The constructed prognostic models were validated. The “limma”, “tidyverse”, “ggplot2”, and “ggExtra” packages were used to plot the correlation heatmap of m6A‐related lncRNAs and mRNAs. The “survivor” and “survminer” packages were used to plot the survival curves of the training and test groups. The “pheatmap” package was used to plot the risk curves of the training and test groups. Receiver operating characteristic (ROC) diagnostic curves were plotted for the prognostic model to measure the model's accuracy, ²¹ including time‐dependent ROC curves and clinically relevant ROC curves. The “survival”, “survminer”, and “timeROC” packages were used to plot ROC curves. Principal component analysis (PCA) ²² was used to detect differences in the m6A genes, m6A‐associated lncRNAs, and m6A‐associated lncRNA‐constructed risk models between the low‐ and high‐risk groups. The spatial distribution of samples is displayed in 3D scatter plots. The “limma” and “scatterplot3d” packages were used to construct the PCA.

2.4. Gene Ontology analysis of differentially expressed genes in high‐ and low‐risk groups in prognostic models, analysis of differences in immune function, and analysis of drug sensitivity

The “limma” package was used to obtain differentially expressed genes between the high‐ and low‐risk groups, followed by Gene Ontology (GO) analysis of the differentially expressed genes (BP, CC, MF) using the “clusterProfiler”, “org.Hs.eg.db” and “GOplot” packages. The “org.Hs.eg.db”, “GOplot”, “ggplot2” and “GOplot” packages were used to plot the circles and chord plots for the GO analysis. Differences in immune function between the high‐ and low‐risk groups were analyzed in the prognostic model. The relationship between the prognostic model and tumor immunity was investigated. The “limma”, “GSVA”, “GSEABase”, “pheatmap”, and “reshape2” packages were used to perform differential analysis of immune function in prognostic models. Drug sensitivity analysis was performed in the constructed prognostic models to predict the potential drugs that could be used to treat UCEC. IC50 values were used to evaluate the drug sensitivity in the prognostic model. The IC50 value can be used to measure the ability of a drug to induce apoptosis. The stronger the induction is, the lower the value and the more influential the treatment. The “limma”, “ggpubr”, “pRRophetic”, and “ggplot2” packages were used for drug sensitivity analysis of prognostic models.

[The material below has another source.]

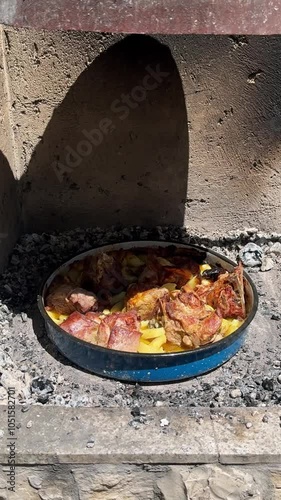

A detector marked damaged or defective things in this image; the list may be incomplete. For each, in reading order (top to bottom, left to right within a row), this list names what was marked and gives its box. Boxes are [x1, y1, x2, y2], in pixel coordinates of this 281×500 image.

burnt wood piece [0, 0, 280, 34]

2.5. Survival curves for m6A‐associated lncRNAs, univariate and multivariate analyses, and nomogram construction

Six lncRNAs from 32 prognosis‐associated m6A lncRNAs were selected, and the “survminer” and “survivor” packages were used to plot the prognosis‐associated m6A lncRNA survival curves. Then, a nomogram was constructed using the “rms” and “survivor” packages. Line plots were designed to assess the predictive effect of the risk scores obtained on the patient OS at 1, 3, and 5 years. Univariate and multivariate analyses of m6A‐related lncRNAs were performed using the “survival” and “ggplot2 packages to investigate the effect of m6A‐related lncRNAs on the prognosis of UCEC patients. RNAseq data in level 3 HTSeq‐FPKM format from TCGA (https://portal.gdc.cancer.gov/) UCEC (endometrial cancer) project with prognosis type OS were used.

2.6. Clinical features of EC associated with m6A‐related lncRNAs and differences in the expression of m6A‐related lncRNAs in normal and tumor tissues

A chi‐square independence test was used to investigate the relationship between m6A‐related lncRNAs and EC clinical stage, age, histological type, tumor grade, and OS. The differences in m6A‐related lncRNA expression in normal and tumor tissues were mapped using the “ggplot2” package at different clinical stages and tumor grades. RNAseq data in level 3 HTSeq‐FPKM format from TCGA (https://portal.gdc.cancer.gov/) UCEC (endometrial cancer) project were used. We also used the Gene Expression Profiling Interactive Analysis (GEPIA) database (http://gepia.cancer‐pku.cn/) to explore the expression of m6A‐related lncRNAs in different tumors and normal tissues.

2.7. Immune infiltration of m6A‐related lncRNAs in EC, intermolecular relationships, and mutations

Lollipop plots were plotted using the ssGSEA immune infiltration algorithm “GSVA” package in R software. Using a Spearman correlation test, the “ggplot2” package was applied to construct scatter plots to explore the intermolecular relationships of six m6A‐related lncRNAs in EC. We also used the GEPIA database for molecular correlation analysis. cBioPortal database ²³ (http://www. cbioportal.org/) is a visual tool to analyze cancer gene data, and the database was used for mutation, copy number, and m6A‐related lncRNA expression analysis of all UCEC samples.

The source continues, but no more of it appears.